Streaming (Text Chat)
AI SDK v6 stack, streamText config, the stubbed server onFinish gap, chat history tiers, anon→auth handoff, provider migration (#358).
Status: Current as of 2026-04-18 (repo commit 06d84cb).
Audience: Contributors touching chat, anyone preparing the Bedrock migration (#358), client engineers debugging broken streams.

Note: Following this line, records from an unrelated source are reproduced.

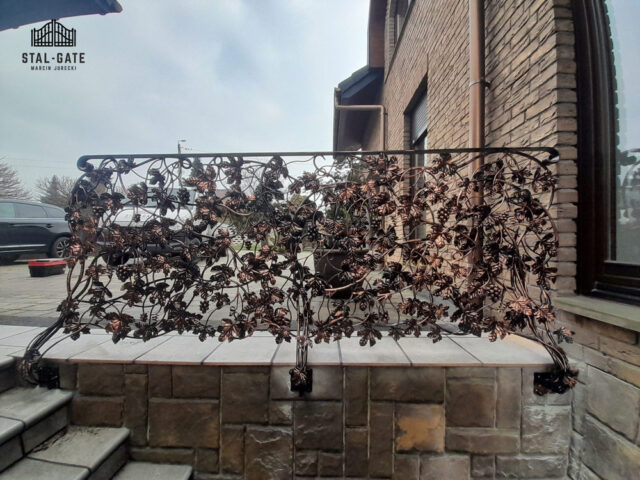 balustrady-zewnetrzne-tarasowe-1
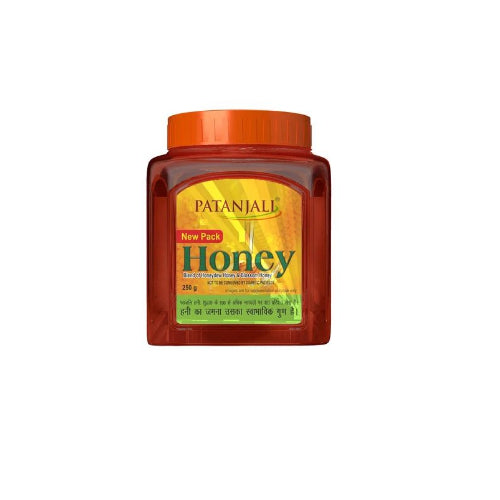 Patanjali Honey 1 Kg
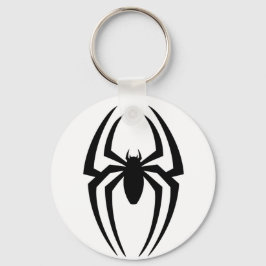 spinmantel shirt sleutelhanger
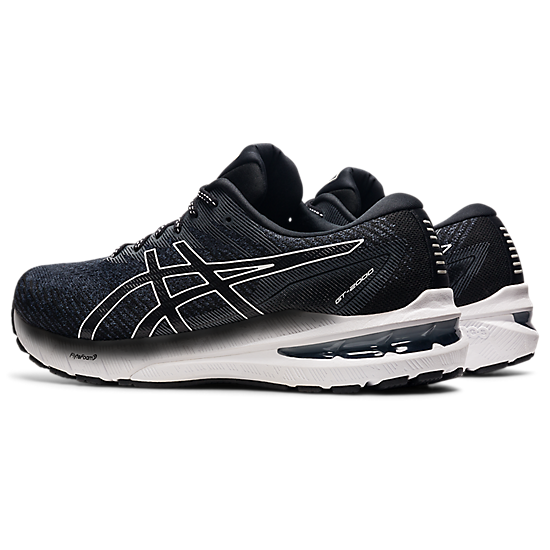 Asics GT-2000 10 Homme Chaussures de Running Légères et Dynamiques
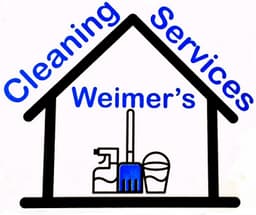 Weimer'S Cleaning Services Profile Picture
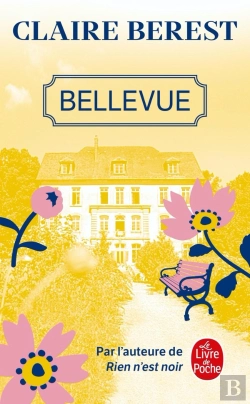 Bertrand.pt - Bellevue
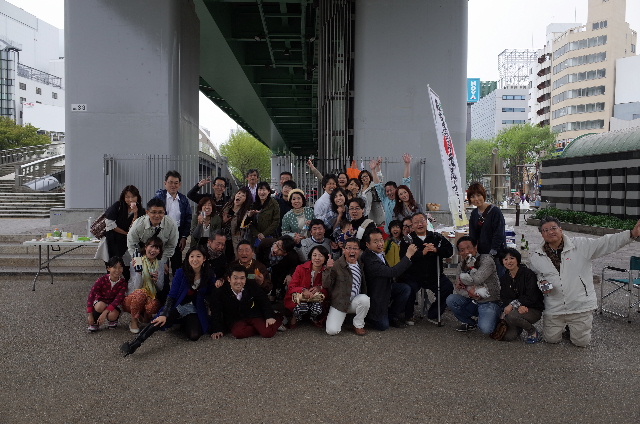 1404130059.JPG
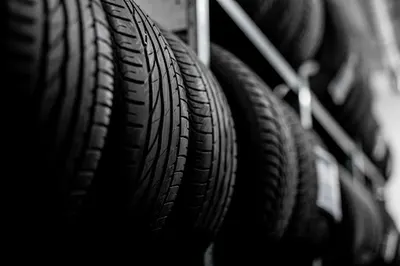 Wulkanizacja Smarzoch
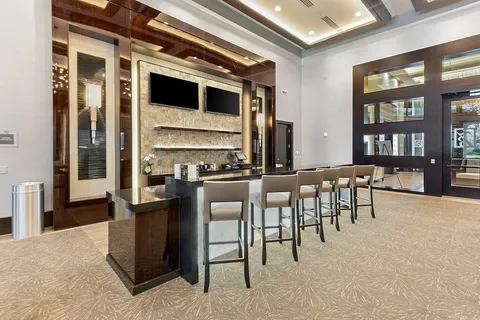 $4,199,000 | 16722 Cannes Street, Delray Beach, FL 33446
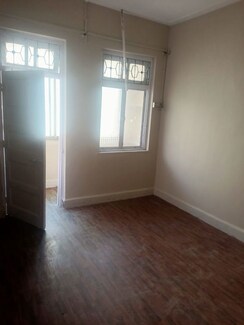2 BHK + Pooja Room Builder Floor For Rent in Vakola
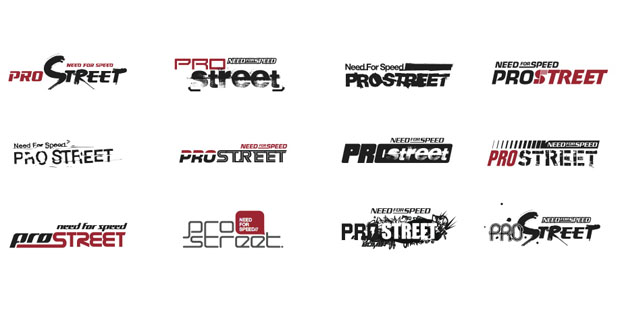 Kadaras | Mundo Motorsport tweet media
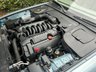 USED 2001 51 JAGUAR XJ 3.2 XJ8 Executive Saloon 4dr Petrol Automatic (290 g/km, 240 bhp) Only 19271 miles and family owned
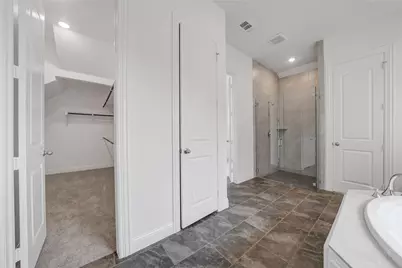 2513 Silver Leaf Drive, Northlake, TX 76226 - Photo 23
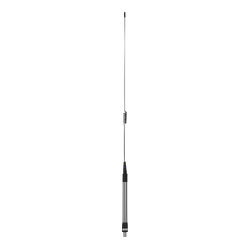 780Mm Elevated-Feed Antenna (6.6Dbi Gain) - Black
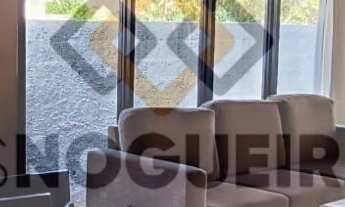 Imagem 5: Casa em Praia do Sonho, Palhoça/SC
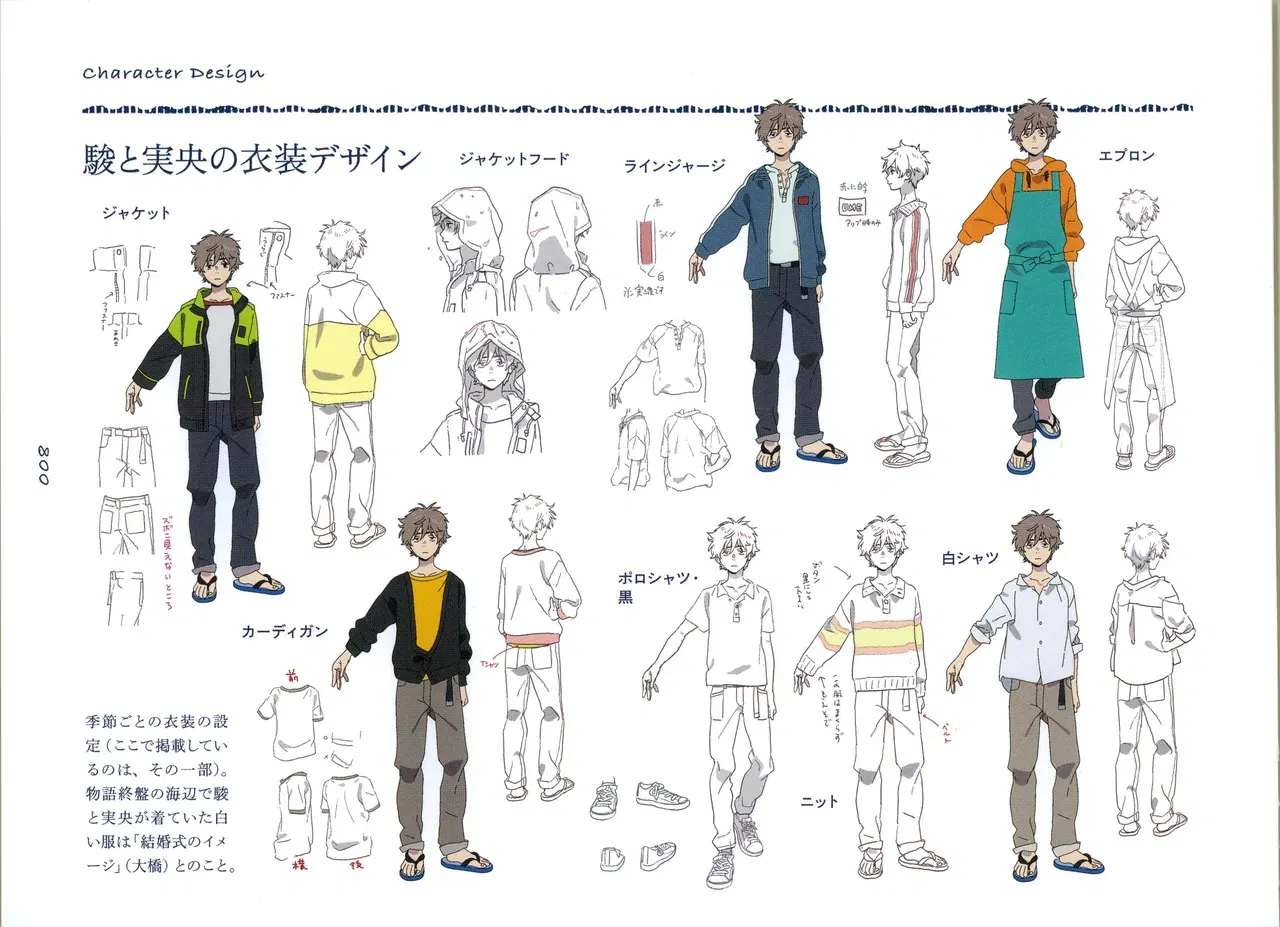 Image #10
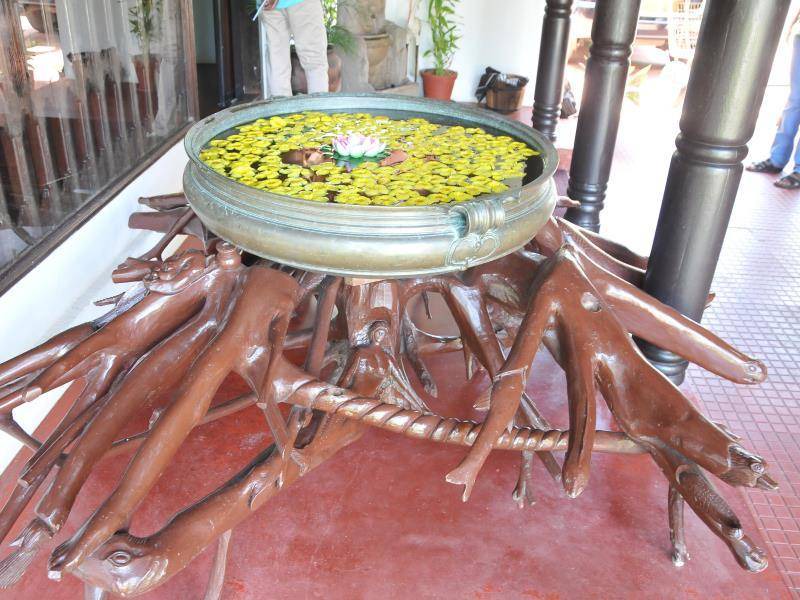 Photo of Others in Kumarakom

Scope: text-chat streaming only. Voice streaming (WebRTC / LiveKit) lives in architecture §3.2 and container-system.
1. Stack
- Vercel AI SDK v6 —
streamText,convertToModelMessages,UIMessagetypes - Provider:
@ai-sdk/openai—openai/gpt-4o-mini(hardcoded in the route today) - Transport: SSE via
result.toUIMessageStreamResponse() - Client:
@ai-sdk/react—useChathook withDefaultChatTransport - Runtime: Next.js 16 App Router, server route with
maxDuration = 30
Provider migration to AWS Bedrock Mistral Large (eu-central-1) tracked in epic #358.
2. Server flow — apps/web/app/api/chat/route.ts
export const maxDuration = 30;
export async function POST(req: Request) {
// 1. Rate limit (20 msg / 60 s per IP, Upstash sliding window)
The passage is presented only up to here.